> [Task] What you should give back is every line from the one containing "Volkswagen Transporteur" through the last line of the records below, word for word and without pictures.

........

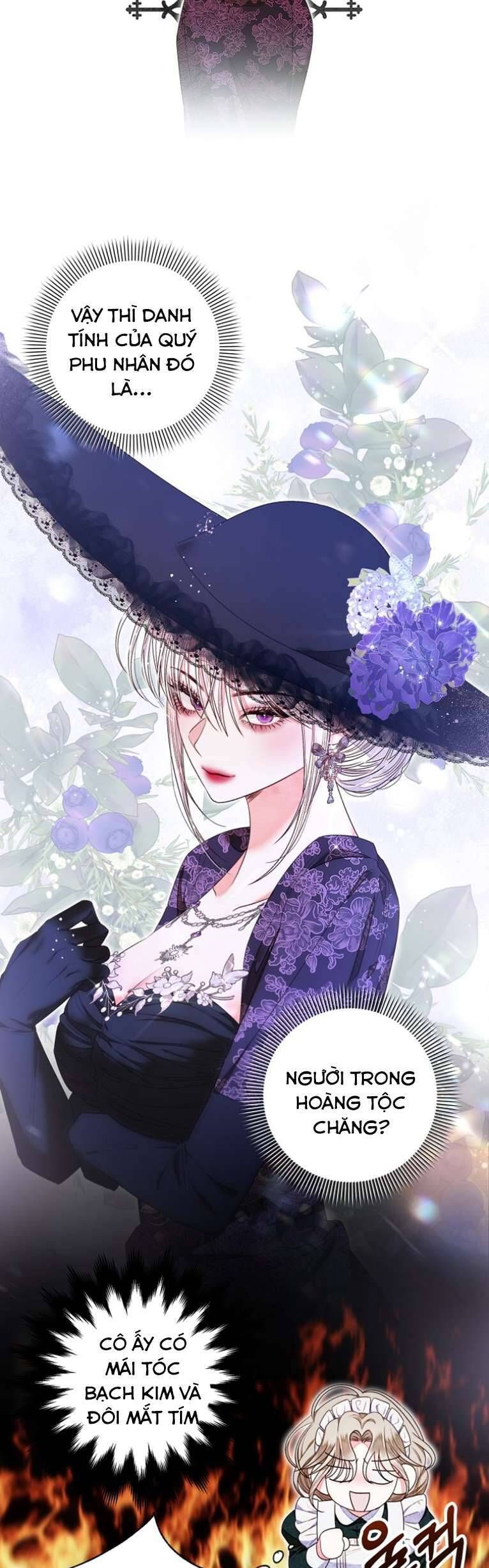 Trở Thành Hầu Gái Còn Hơn Làm Công Chúa Chapter 9 - 34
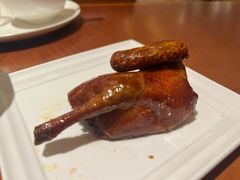 -杭州JW万豪酒店-万豪中餐厅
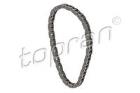 Chain, oil pump drive TOPRAN 109 609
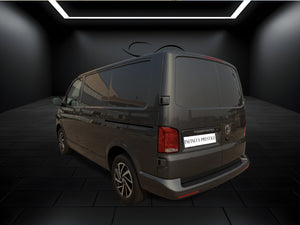 Volkswagen Transporteur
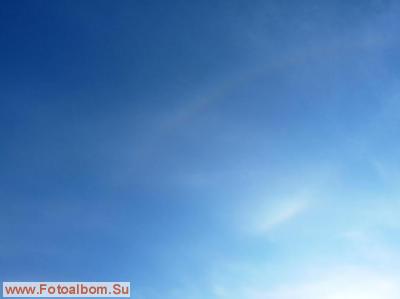 Флаг Победы на самой высокой точке Нижнеколымского района Якутии - фото 27734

........

> [Reply to the exercise]
 Volkswagen Transporteur
 Флаг Победы на самой высокой точке Нижнеколымского района Якутии - фото 27734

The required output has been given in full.